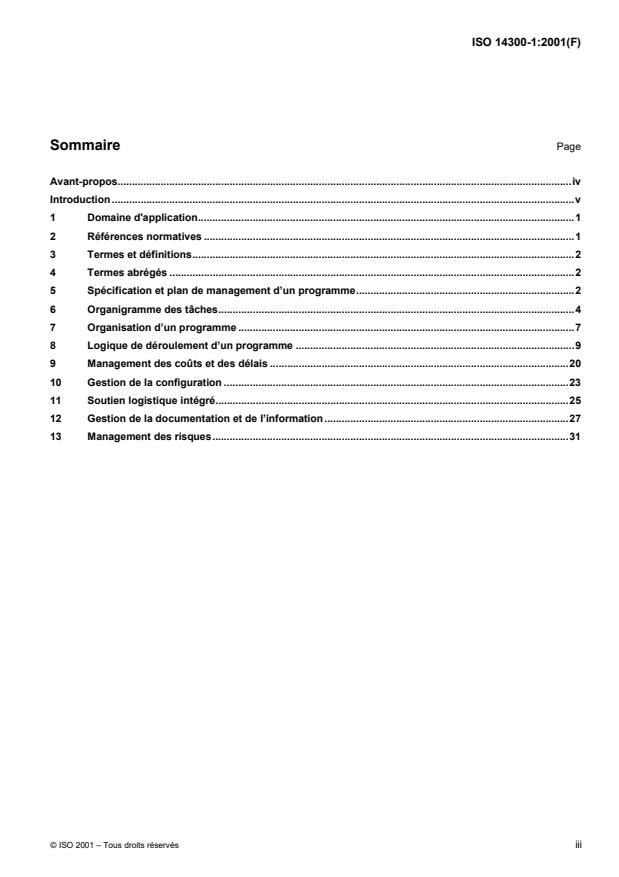 ISO 14300-1:2001 - Systemes spatiaux -- Management de programme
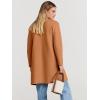 imageANRABESS Womens Open Front Knit Lightweight Cardigan Casual Long Coatigan Sweater Lady Jacket Coat 2025 Fall OuterwearRust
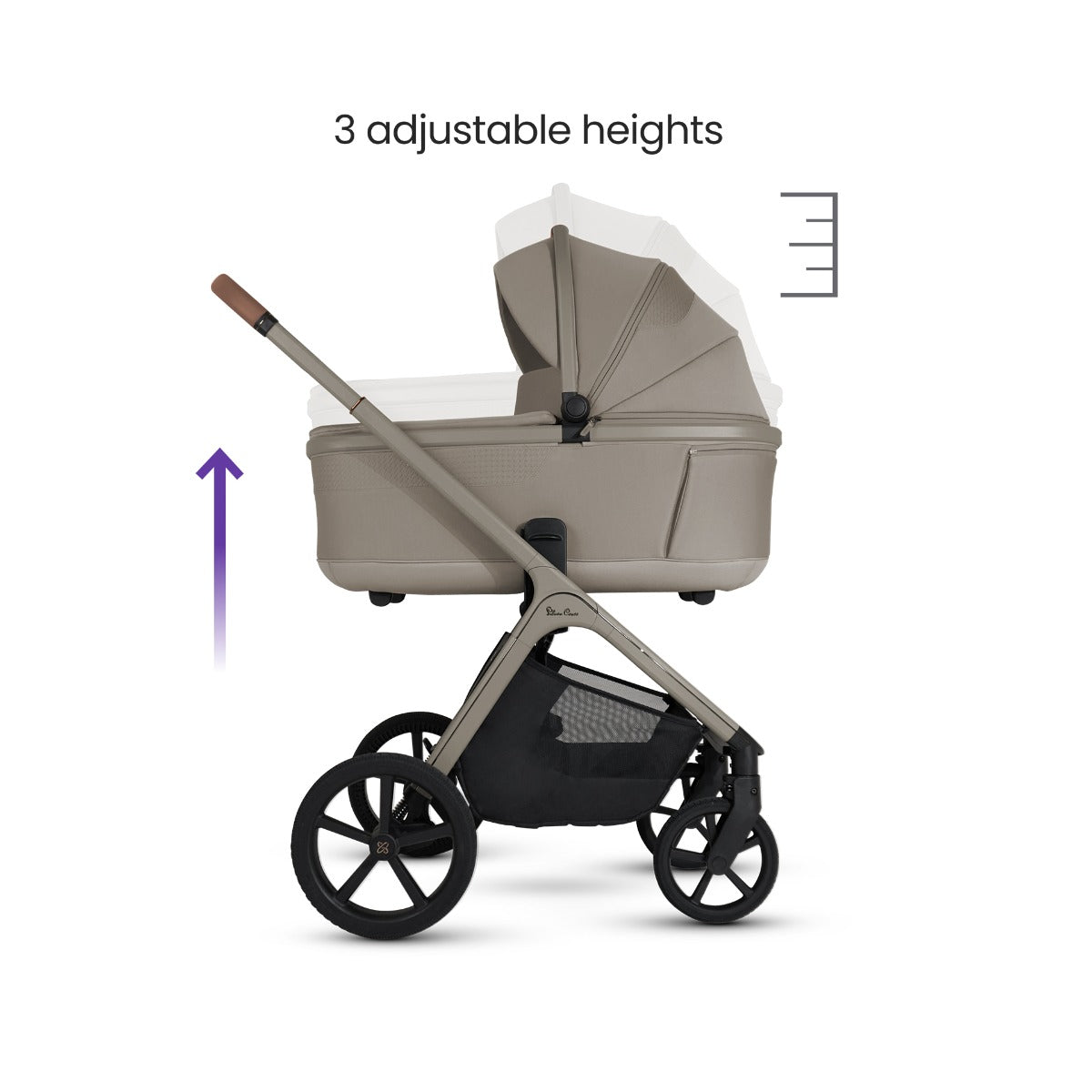 Silver Cross Cove Complete Stroller & Accessory Bundle - Champagne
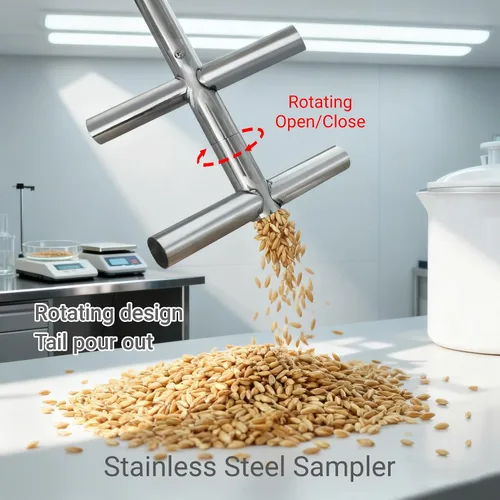 Vista 8 de Sonda de muestreo de grano de polvo, sonda de grano para polvos y semillas, muestreador de acero inoxidable, muestra de ladrón de granos, sonda
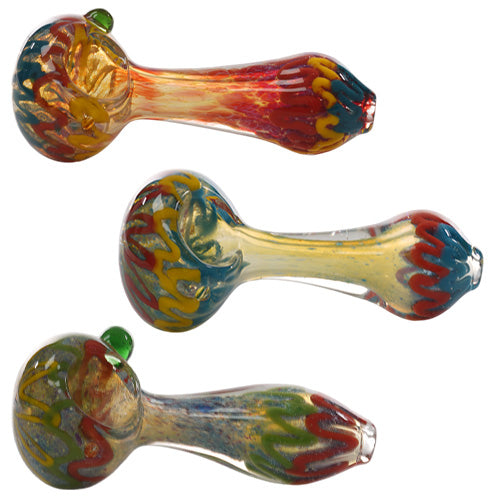 Unbranded Hand Pipe Fancy (4791) Glass 4.0"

---

• WHAT THE TASK REQUIRES: A word-for-word copy of the records is required. Leave out every picture.

• EXERCISE SOLUTION:
 ISO 14300-1:2001 - Systemes spatiaux -- Management de programme
 imageANRABESS Womens Open Front Knit Lightweight Cardigan Casual Long Coatigan Sweater Lady Jacket Coat 2025 Fall OuterwearRust
 Silver Cross Cove Complete Stroller & Accessory Bundle - Champagne
 Vista 8 de Sonda de muestreo de grano de polvo, sonda de grano para polvos y semillas, muestreador de acero inoxidable, muestra de ladrón de granos, sonda
 Unbranded Hand Pipe Fancy (4791) Glass 4.0"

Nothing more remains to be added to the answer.